Exercise aim = The reply must consist of the complete listing, reproduced exactly, with no images included.

Dataset content =

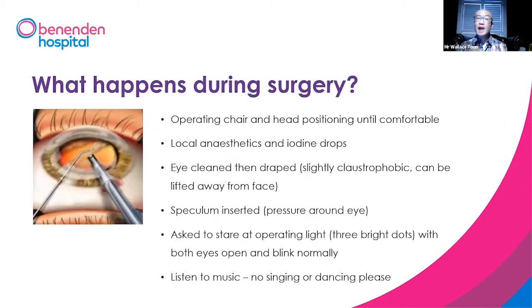During the surgery, you'll be sitting in a comfortable operating chair. The chair will automatically lean backwards and will position your head until you are comfortable.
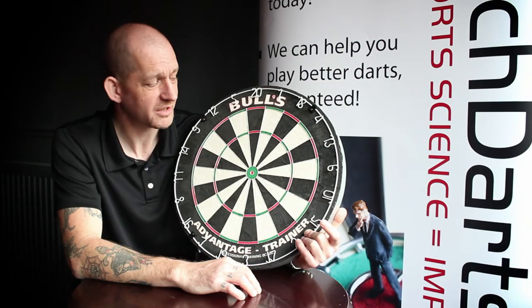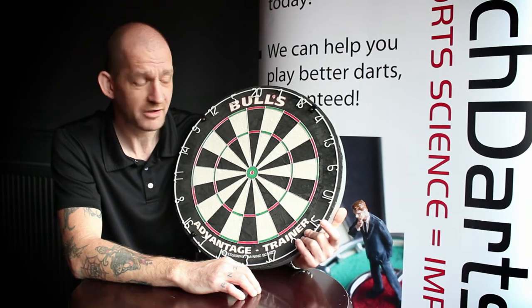Hi, I'm Andy, the Biomechanist for the Darts Performance Centre, and I'm going to talk to you about the new Bulls training board.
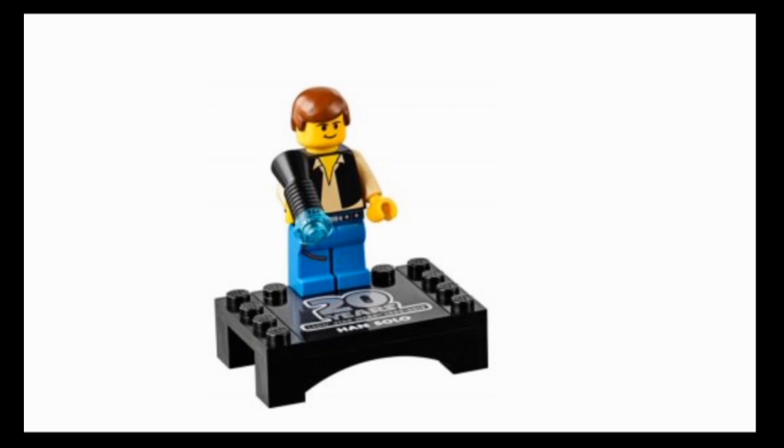He has the classic LEGO male hair piece - good to see that's still in production after 40 years. He just has a reproduction of the face print, and the legs are also just a direct reproduction. The torso is new because on the back print - the original didn't have any back printing, it being the year 2000 - on the back of this one, we have a print with the 20th anniversary LEGO Star Wars logo.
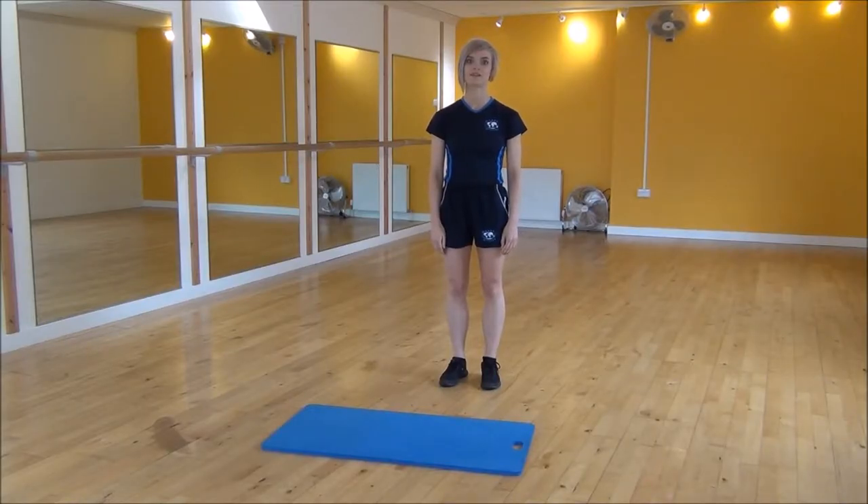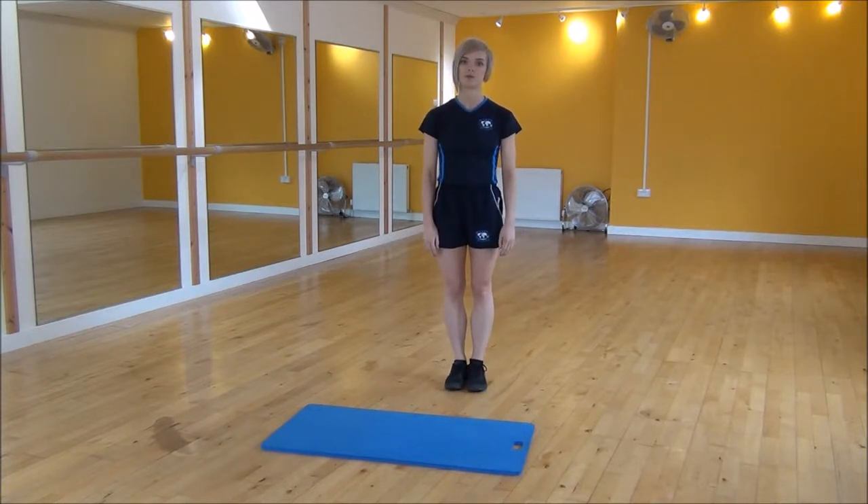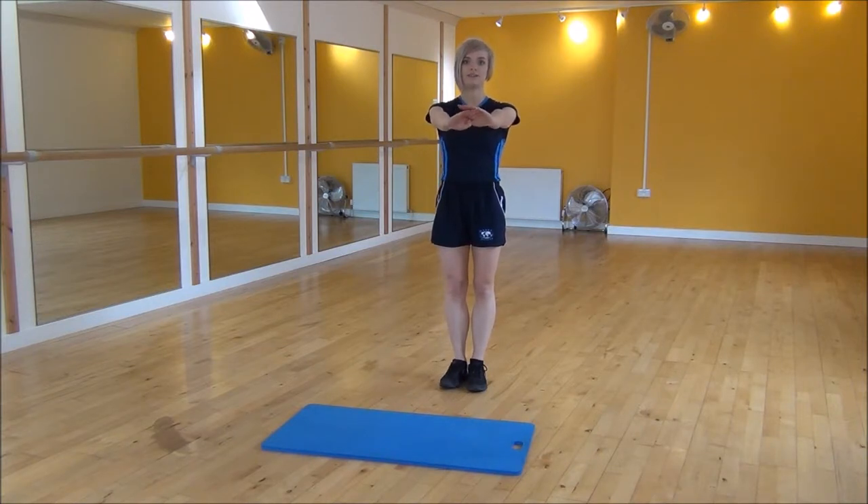The next exercise today is the side lunge. You're going to start with your legs together and take a big step out to the side. You need to make sure when you step out that your weight is still on your heels. Pop your arms out for balance, take a big step out, and drop down.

Completed exercise =
During the surgery, you'll be sitting in a comfortable operating chair. The chair will automatically lean backwards and will position your head until you are comfortable.
Hi, I'm Andy, the Biomechanist for the Darts Performance Centre, and I'm going to talk to you about the new Bulls training board.
He has the classic LEGO male hair piece - good to see that's still in production after 40 years. He just has a reproduction of the face print, and the legs are also just a direct reproduction. The torso is new because on the back print - the original didn't have any back printing, it being the year 2000 - on the back of this one, we have a print with the 20th anniversary LEGO Star Wars logo.
The next exercise today is the side lunge. You're going to start with your legs together and take a big step out to the side. You need to make sure when you step out that your weight is still on your heels. Pop your arms out for balance, take a big step out, and drop down.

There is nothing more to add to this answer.